Americans have been made to feel like failures when it comes to retirement savings. They have been told that their savings shortfalls are their fault. If only they would save more, make better financial decisions, and anticipate future life events, they would be able to approach their golden years without worry. But few actually make it to age 65 with adequate — let alone healthy — nest eggs.

This new NEFE-funded research shows that it is typical for a person to experience significant setbacks in their retirement savings throughout their lifetime — so common, that 96 percent of Americans experience four or more income shocks by the time they reach age 70.

Job loss, sickness, divorce: these are the kinds of life and economic events that derail even the most disciplined of savers. People want to believe “it won’t happen to me.” The truth is that almost no one is safe from these shocks, and low-income individuals are disproportionately affected. With limited means to finance these shocks, they withdraw from their 401(k)s — if they are fortunate enough to have access to employer-provided retirement plans at all.

Most retirement savings research isolates just one determinant — such as a change in health status — and measures the impact of that change on retirement savings, holding all other factors constant. This approach assumes that changes happen one at a time, and ignores the fact that life events that affect retirement savings — unemployment, divorce, income disruptions — cluster together.

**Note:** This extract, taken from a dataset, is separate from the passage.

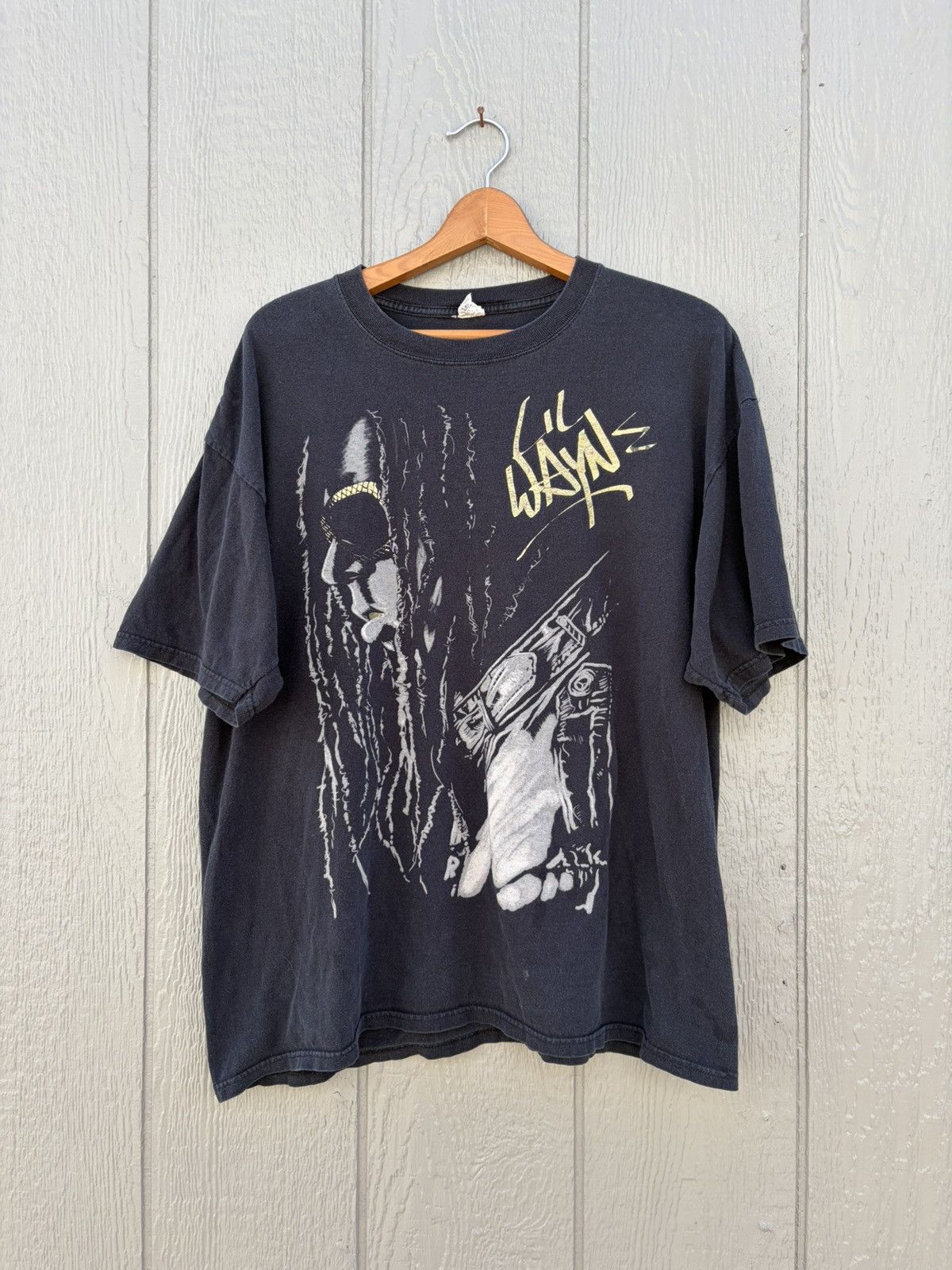 Vintage Vintage Y2K Lil Wayne Graphic Rap Tshirt Size US XL / EU 56 / 4 - 1 Thumbnail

However, this study takes into account the reality that while sometimes unpredictable, changes in peoples’ lives do not occur independently, and that the magnitude of the impact on retirement savings depends on gender, race and socioeconomic status. By evaluating each factor’s relative impact on defined contribution retirement savings accumulations for different age and income groups, it becomes more clear who is at risk of not having enough retirement savings, and why.